::: Records for the exercise :::

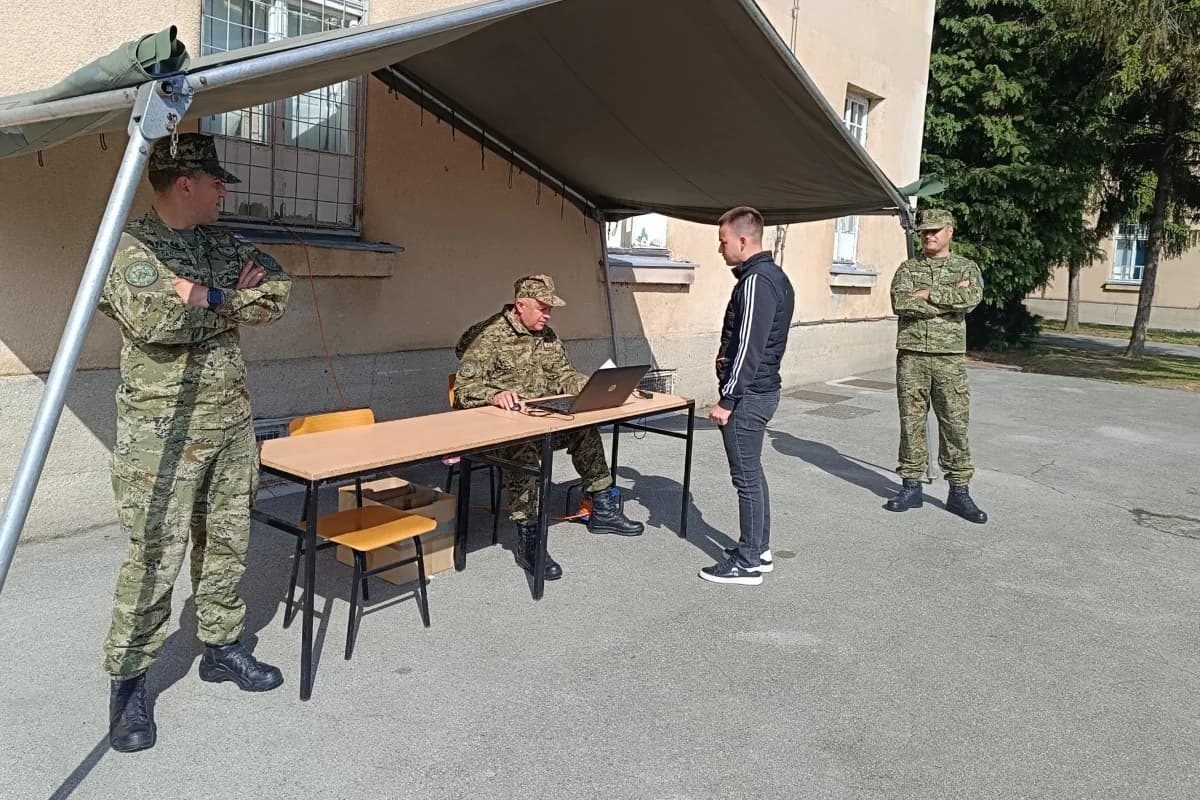 U Požegi 107 ročnika započelo dragovoljno vojno osposobljavanje
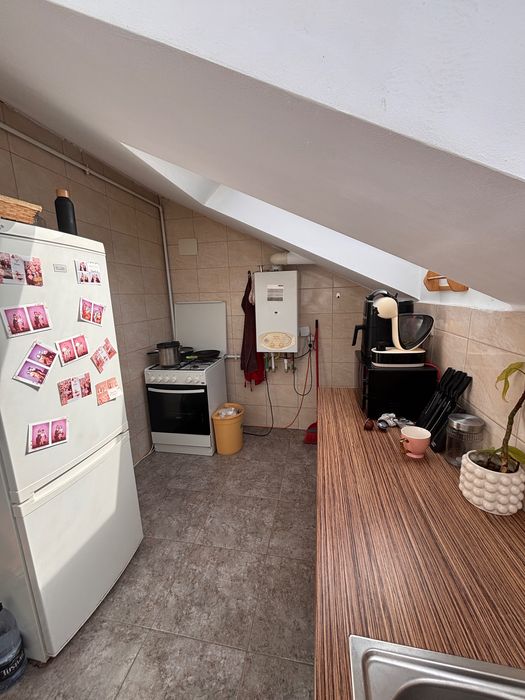 Ofer spre vanzare apartament!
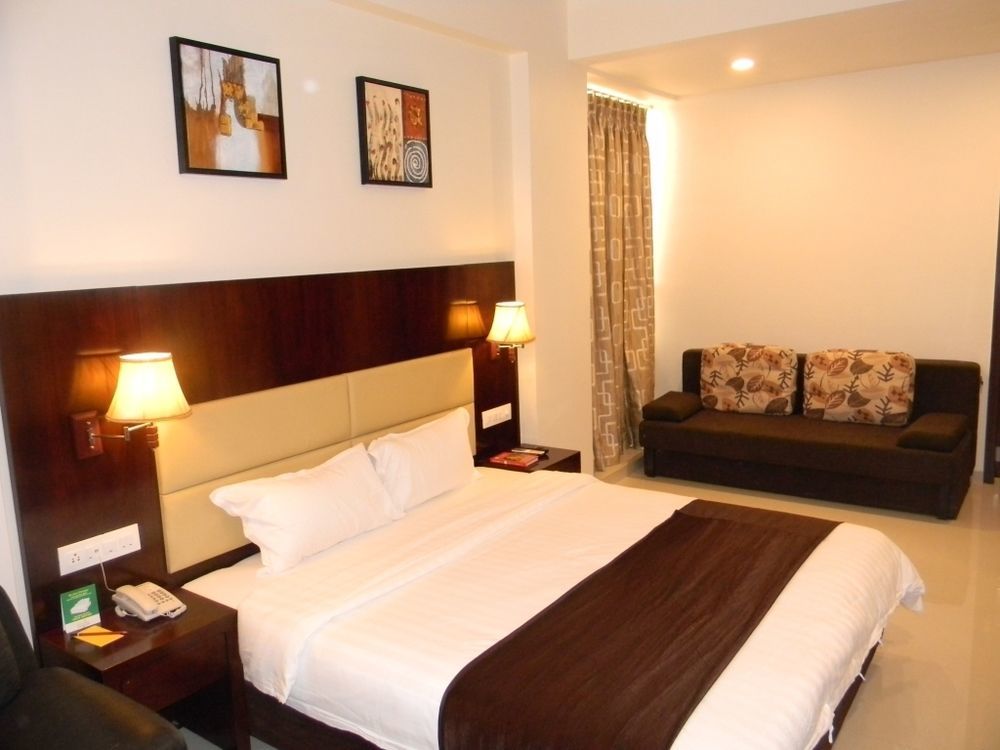 Hotel Sai Jashan Shirdi - Where Blessings & Comfort Meet Buitenkant foto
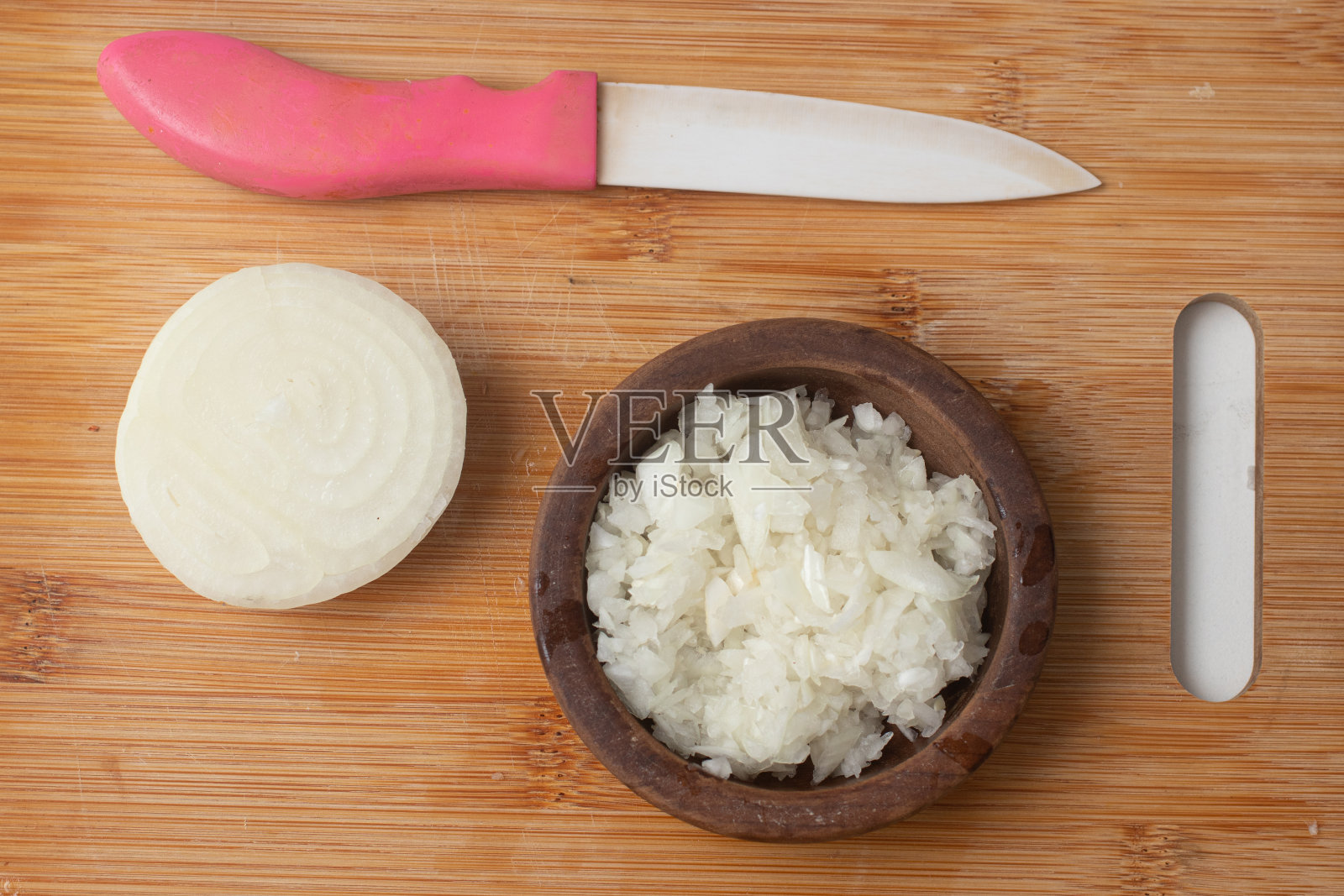 一堆切碎的洋葱照片摄影图片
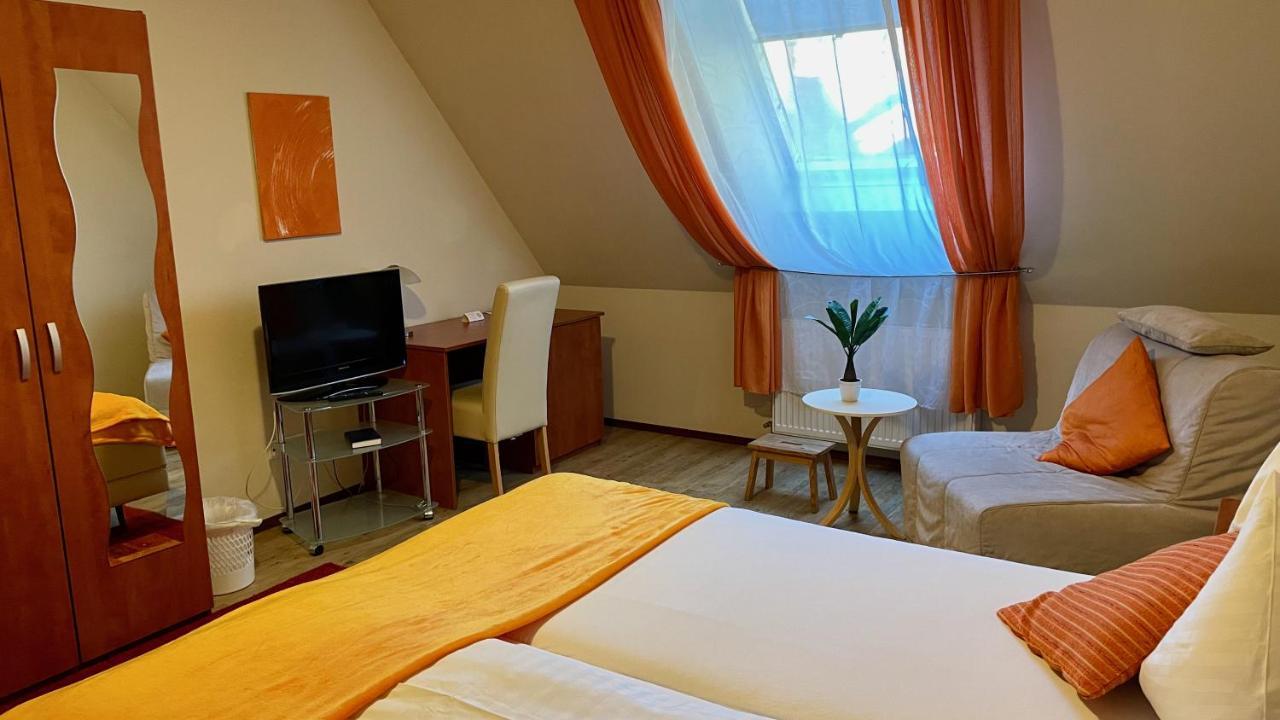 Goesser Bachgasslhof -- Bed And Breakfast -- Apartments Леобен Екстериор снимка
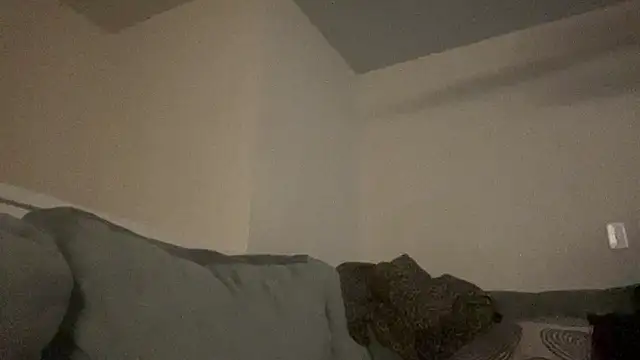 Show modela xxRedMamba392xx na web-kameri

:::

Retype the data above exactly, dropping every picture.

Result of this exercise:
 U Požegi 107 ročnika započelo dragovoljno vojno osposobljavanje
 Ofer spre vanzare apartament!
 Hotel Sai Jashan Shirdi - Where Blessings & Comfort Meet Buitenkant foto
 一堆切碎的洋葱照片摄影图片
 Goesser Bachgasslhof -- Bed And Breakfast -- Apartments Леобен Екстериор снимка
 Show modela xxRedMamba392xx na web-kameri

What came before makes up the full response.